– Это целиком моя идея, – сказал Карелли. – Я заставил Мориса пойти со мной. Не надо его наказывать.
– Ведь я уже говорил тебе, чтобы ты подумал над своим поведением, – сказал Мартин, пытаясь сдержать душивший его смех. Карелли низко склонил голову, изображая раскаяние. – Хотя результат твоих раздумий мне непонятен, но ведь теперь ты осознаешь, насколько был не прав?
– Мы не имели в виду ничего плохого, – оправдываясь, сказал Карелли. – Мы просто думали, что будет очень весело.
– Так бы оно и было, если бы не касалось юных леди. Надо быть очень-очень осторожным там, где может быть задета репутация юных дам.
– А они вообще ничего не делали, только одолжили нам одежду. И мы только подали еду...
– Я знаю. Я знаю, что вы не хотели сделать ничего плохого, но слухи и сплетни очень жестоки к девушкам. И если однажды на них показали пальцем, то эту печать не смоешь никогда, поэтому вам следует быть более чем осторожными. Вы должны вести себя по отношению к девушкам безукоризненно. Понятно? Ясно?
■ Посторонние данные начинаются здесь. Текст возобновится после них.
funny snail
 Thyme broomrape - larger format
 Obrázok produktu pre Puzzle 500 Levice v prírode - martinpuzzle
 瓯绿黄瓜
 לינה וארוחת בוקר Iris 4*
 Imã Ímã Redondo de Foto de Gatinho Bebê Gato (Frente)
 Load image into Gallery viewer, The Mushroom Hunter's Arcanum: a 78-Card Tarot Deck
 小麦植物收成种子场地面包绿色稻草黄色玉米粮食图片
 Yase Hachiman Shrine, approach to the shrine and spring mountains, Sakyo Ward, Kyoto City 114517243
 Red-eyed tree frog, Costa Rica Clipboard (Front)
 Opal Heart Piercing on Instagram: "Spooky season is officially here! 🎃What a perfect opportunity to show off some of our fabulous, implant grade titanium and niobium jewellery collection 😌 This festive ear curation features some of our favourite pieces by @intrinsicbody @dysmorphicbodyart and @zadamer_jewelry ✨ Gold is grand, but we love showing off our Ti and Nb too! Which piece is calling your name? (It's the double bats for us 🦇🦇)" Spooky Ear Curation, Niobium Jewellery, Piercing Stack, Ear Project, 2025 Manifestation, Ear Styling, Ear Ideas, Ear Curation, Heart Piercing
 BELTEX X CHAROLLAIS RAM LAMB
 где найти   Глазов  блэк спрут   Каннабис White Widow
Карелли понимающе посмотрел в глаза Мартина.
– Да, сэр.
– Очень хорошо. Теперь можешь идти, а ко мне пришли Мориса. Я подумаю о достойном наказании для вас обоих. – Когда Карелли дошел почти до двери, Мартин добавил: – Когда-нибудь все забудется, и вы должны будете повторить представление для меня и вашей мамы. Мне кажется, это будет очень забавно.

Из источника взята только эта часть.